I am lost today to tasks and meetings. A litany of lists and that longing feeling I surrender to whenever I am about to embark on a big journey. I see myself literarily straddling two worlds, like the Colossus of my own life. One-foot firmly planted in home life and the other reaching clear across the world to my endless wanderlust. This time, I prepare to venture to India for the first time and to leave behind my beloved spring in the Hudson Valley and downtown New York City.
I adore spring because it has a lunatic quality to, and I very much identify with that capricious changeability. Last week when I rode to meetings I carried mittens, a hat, scarf and extra jeans to ward off the cold and wet. Between trips, I festooned my radiator with layers of sopping outer garments. I would then quickly switch to new dry clothes and head out again. Sort of a pit stop in the race of the last days of winter, and now it is 92 degrees, the hottest April 7 on record. Hot to cold, wet to scorching, a sort of menopause of mad April.
And so I thought it was appropriate that today the wonderful folks at Knopf sent the Edna St.
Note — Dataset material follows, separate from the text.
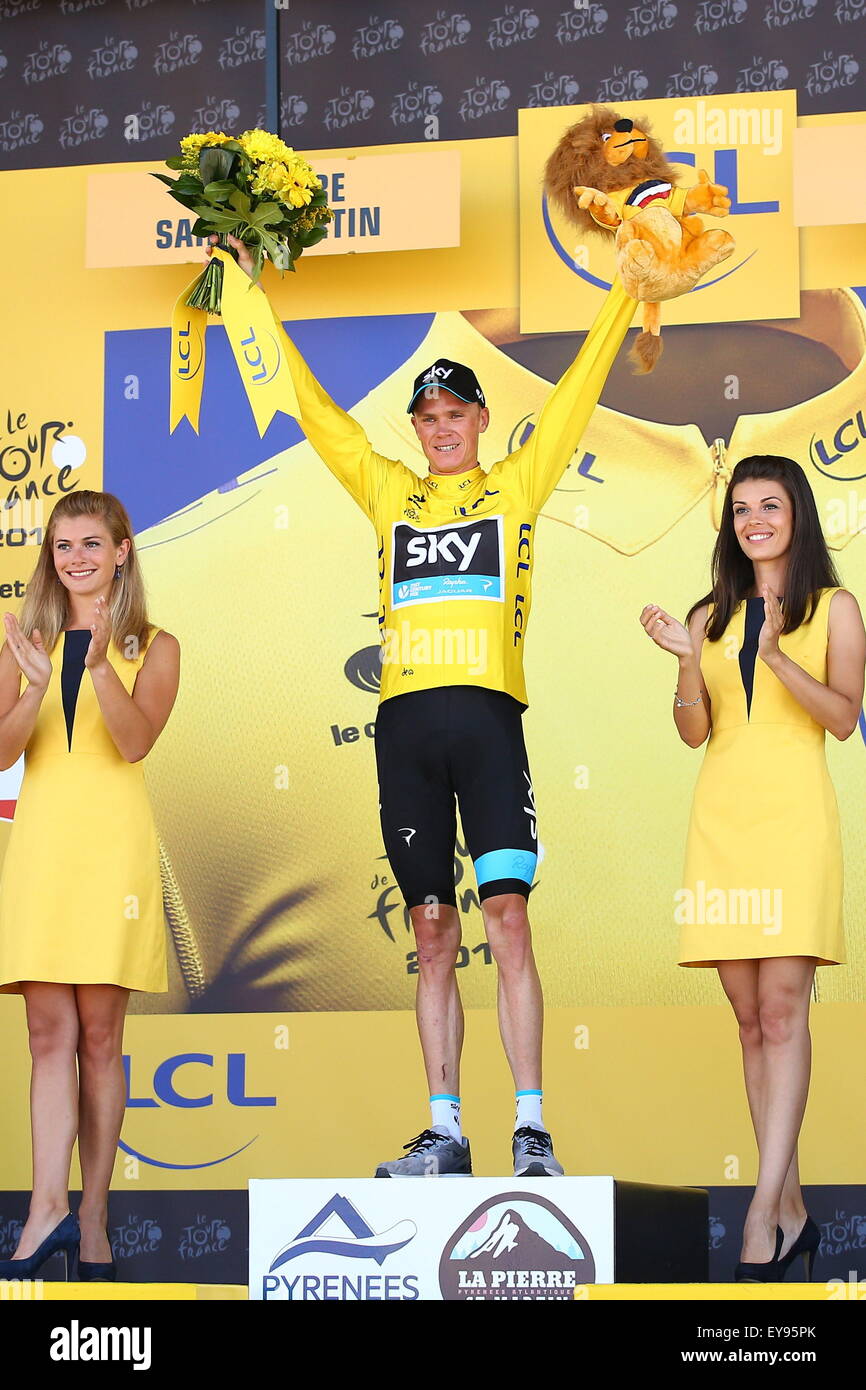 Victoire Chris Froome - Team Sky - 14.07.2015 - Tour de France 2015 - Etape 10 - Tarbes/La Pierre Saint Martin.Photo : Blondau/Aop premere/Icona Sport. *** Caption locale Foto Stock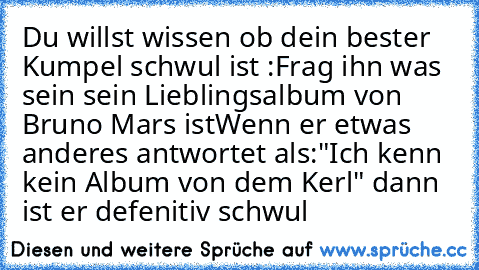 Du willst wissen ob dein bester Kumpel schwul ist :
Frag ihn was sein sein Lieblingsalbum von Bruno Mars ist
Wenn er etwas anderes antwortet als:"Ich kenn kein Album von dem Kerl" dann ist er defenitiv schwul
Vincent Millay’s Spring as part of their Poem of the Day.
To what purpose, April, do you return again?
Beauty is not enough.
You can no longer quiet me with the redness
Of little leaves opening stickily
I know what I now.
The sun is hot on my neck as I observe
The spikes of the crocus.
The smell of the earth is good.
It is apparent that there is no death
But what does that signify?
Not only under the ground are the brains of men
Eaten by maggots,
Life in itself
An empty cup, a flight of uncarpeted stairs,
It is not enough that yearly, down the hill,
Comes like an idiot, babbling and strewing flowers.